I'm going to assume you need to have efficient access, by strategies, for the industry code of any symbol. A reasonably efficient way to do that could be to have the symbol to industry code mappings in a csv file. The csv file can be read into a Dictionary instance. In turn your code can use the Dictionary accordingly. To demonstrate a specific use case of this solution, albeit for my use case I use a HashSet<string>, my library reads a file containing symbols that can NOT be shorted by my broker. I have a method, that when asked if a symbol can be shorted, will check if the symbol set has already been loaded from the file. And, if not, the method will load the file and pop the symbols into the HashSet, and finally return true or false about shorting the symbol. If the file has already been loaded, it doesn't reload it. That would be hideous. The method about shorting can be called from anywhere in my code (strategy or library). There is no noticeable degredation of performance when running optimizations.

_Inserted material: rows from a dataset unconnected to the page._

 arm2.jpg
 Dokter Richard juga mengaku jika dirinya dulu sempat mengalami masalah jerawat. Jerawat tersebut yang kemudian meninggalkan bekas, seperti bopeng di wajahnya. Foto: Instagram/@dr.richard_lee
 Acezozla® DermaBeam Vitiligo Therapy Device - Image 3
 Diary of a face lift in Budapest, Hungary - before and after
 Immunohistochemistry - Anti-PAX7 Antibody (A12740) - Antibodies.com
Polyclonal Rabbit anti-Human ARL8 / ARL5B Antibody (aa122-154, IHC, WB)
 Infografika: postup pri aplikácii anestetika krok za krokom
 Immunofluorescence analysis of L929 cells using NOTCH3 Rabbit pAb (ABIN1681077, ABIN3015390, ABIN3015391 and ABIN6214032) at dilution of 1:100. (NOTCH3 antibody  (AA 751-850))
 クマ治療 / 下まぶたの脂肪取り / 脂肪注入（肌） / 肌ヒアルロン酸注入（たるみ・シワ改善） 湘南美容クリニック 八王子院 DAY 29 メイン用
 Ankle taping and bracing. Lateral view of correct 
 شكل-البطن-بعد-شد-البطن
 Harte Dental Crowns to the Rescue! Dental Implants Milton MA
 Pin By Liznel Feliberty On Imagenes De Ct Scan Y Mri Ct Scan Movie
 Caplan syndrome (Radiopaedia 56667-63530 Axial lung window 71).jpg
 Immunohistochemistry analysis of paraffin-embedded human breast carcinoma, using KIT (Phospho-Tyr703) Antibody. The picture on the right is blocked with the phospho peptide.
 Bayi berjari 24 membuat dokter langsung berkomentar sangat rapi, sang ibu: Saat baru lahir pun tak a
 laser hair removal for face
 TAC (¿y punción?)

So here are a couple of solutions...
Using Puppeteer, there are only the few lines of code for obtaining the information you need. Given that you already have a C# class library, you could just fetch Puppeteer using Nuget into your library. Then write a method containing the subset of code that I posted. Write a dummy strategy that from its Initialize method, calls the method in a loop with the symbols to obtain their respective industry codes and store those in the csv file. That way you don't have to deal with WPF or Windows forms. However, you probably would have to have all of the DLLs that Puppeteer references copied into your WL8 folder (a pain). I didn't actually try this, so there may be some obstacles along the way. Also, be aware that if you hit Fidelity's servers too frequently, you may end up getting throttled. That in itself is a pain to deal with.

Another option would be to obtain the industry codes from some other medium than Fidelity. Perhaps a list or file of the information is available via the net. If so, you could then easily build the csv file.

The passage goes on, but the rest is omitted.